:: About this task ::
Please copy exactly the lines from the one containing "307 MIDWAY Drive" to the end of the entries, both included, and nothing else. Omit every picture.

=== Data shown ===

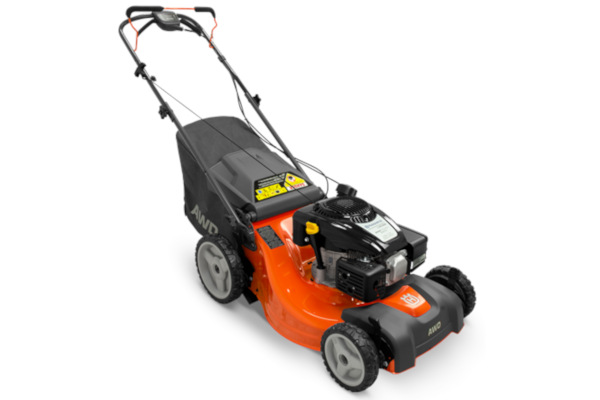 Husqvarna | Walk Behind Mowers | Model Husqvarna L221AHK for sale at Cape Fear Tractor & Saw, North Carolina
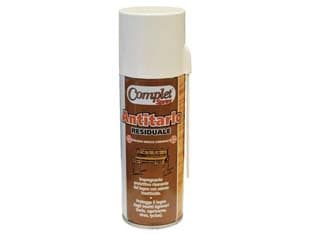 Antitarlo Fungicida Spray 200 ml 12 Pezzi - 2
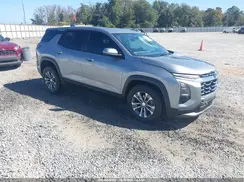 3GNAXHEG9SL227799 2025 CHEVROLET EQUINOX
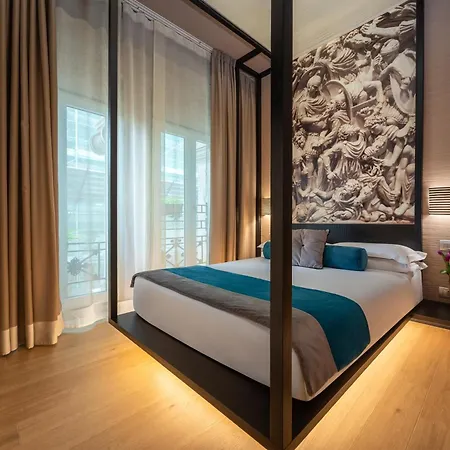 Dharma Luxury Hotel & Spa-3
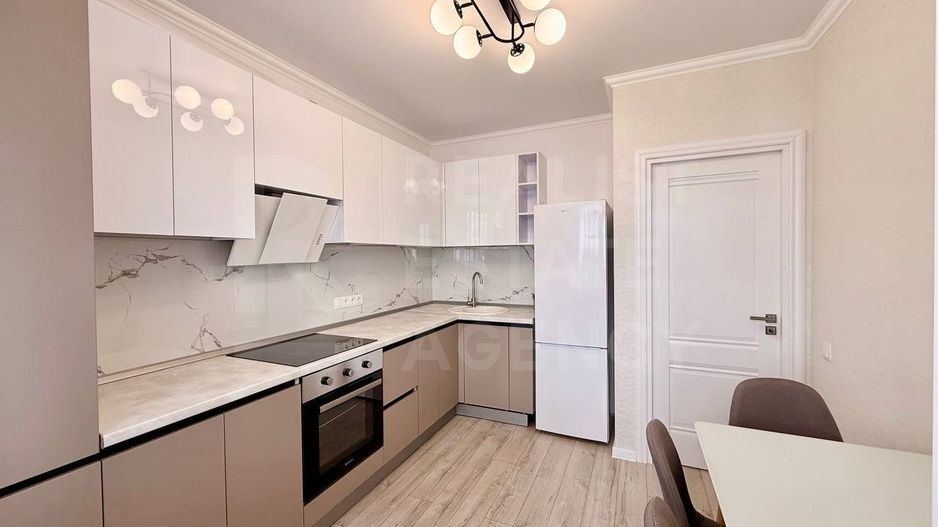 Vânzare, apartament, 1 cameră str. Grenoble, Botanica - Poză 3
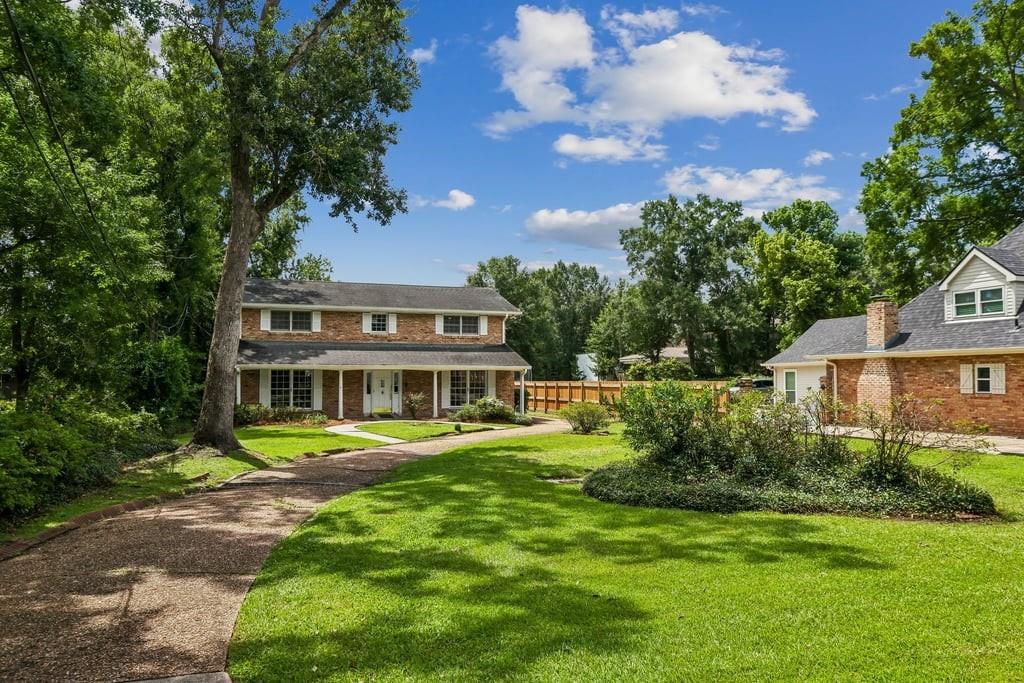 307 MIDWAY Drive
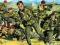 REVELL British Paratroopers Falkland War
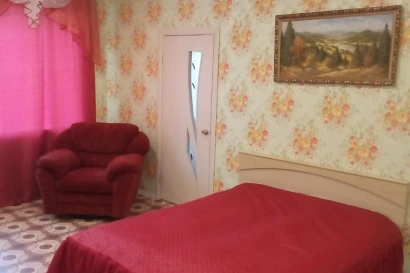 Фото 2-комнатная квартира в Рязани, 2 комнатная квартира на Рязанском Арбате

===

:: Output for this exercise ::
 307 MIDWAY Drive
 REVELL British Paratroopers Falkland War
 Фото 2-комнатная квартира в Рязани, 2 комнатная квартира на Рязанском Арбате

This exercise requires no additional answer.